Dans l’echo d’Anatoly Osmolovsky, certains groupes comme Voïna ont su ainsi marquer les esprits en 2008. Dick Captured by KGB, dessin obscène gigantesque de 65m peint sur le pont-à-bascule Liteyniy, s’érige en direction du quartier du Service de la Sécurité Fédérale. Cette dernière est en effet estimée corrompue par la plupart des russes et viole les libertés et les droits de l’homme. L’action Palace Revolution pour laquelle le groupe citant J-J Rousseau retourna sept voitures de police afin de montrer que le monde devient fou et doit être remis sur pieds, fut également très médiatisée. In Memory of the Decemberists – A Present to Yuri Luzhkov est sans doute l’une des plus extrêmes: les membres ont imité des morts torturés par xénophobie et homophobie en se pendant dans un rayon d’équipements de sécurité. La scandaleuse Fuck for the heir – Puppy Bear! quant à elle se déroulait dans un musée où une scène orgiaque d’accouplements mettait entre autres déjà en scène Nadezhda Tolokonnikova, l’une des Pussy Riot, enceinte de neuf mois. Cette métaphore, à la veille de l’élection de Medvedev, dépeint un portrait d’une Russie où chacun abuse et trompe tout le monde.

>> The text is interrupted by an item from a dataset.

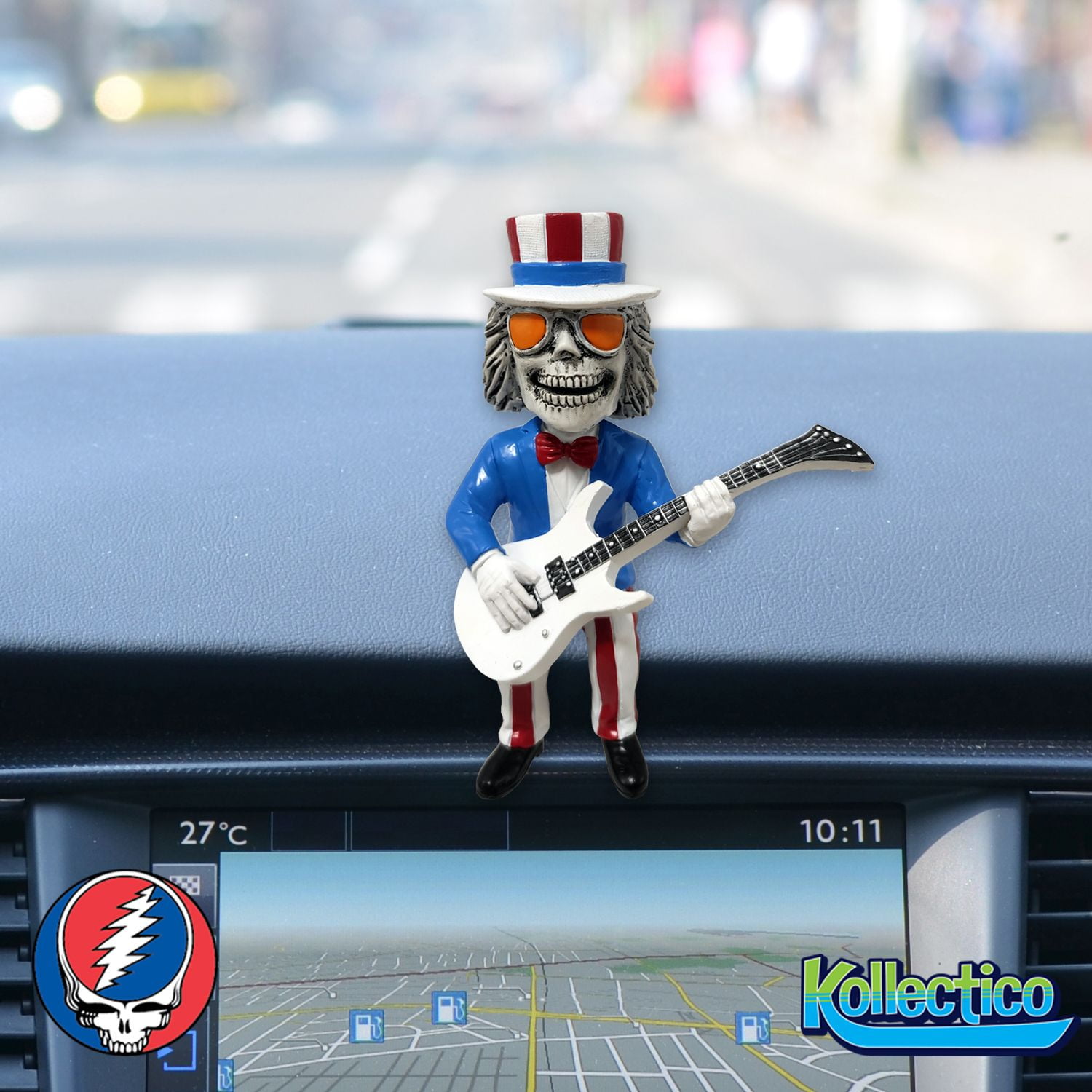 2277番 グレイトフルデッド UNCLE SAM BOBBLE HEAD Grateful Dead Uncle Sam Bobblehead. Limited Edition, Vintage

Détenteur du prestigieux Prix de l’Innovation du Ministère de la Culture, indépendant, apolitique mais sympathisant des anarchistes, punks et individus à l’identité transgressive, jugé « opposant et non-démocratique » par Vladimir Poutine et son successeur Dmitry Medvedev, le groupe Voïna a par là-même conscience qu’il lui serait impossible d’effectuer ces happenings dans une Russie autoritaire sans le soutien et le respect de la scène artistique internationale. Un des exemples probants fut la présence de bannières “Free Voïna” lors de la septième biennale de Berlin. Ajoutons le don de £80,000 en 2011 de la part de Bansky, le street artiste le plus reconnu. Il vendit ainsi 175 impressions de Choose Your Weapon, afin de libérer deux des membres de la sentence de sept ans de prison. « Bien que l’activité artistique puisse impliquer des idées radicales et mobiliser des slogans ou positions anti-gouvernementaux, elle n’enfreint ni les droits, ni les libertés individuelles et ne leur cause aucun mal. Le pouvoir s’en prend à ceux qui dépeignent l’état de la terreur. Ce dernier, effrayé, sent leur douleur. C’est pourquoi le pouvoir est abominable, haineux, et manque de justifications légales et cohérentes lors des procès qui conduisent ces opposants à la prison ferme.» En effet, les motifs fallacieux annoncés peuvent stipuler « le hooliganisme ou une organisation et direction d’une communauté criminelle.».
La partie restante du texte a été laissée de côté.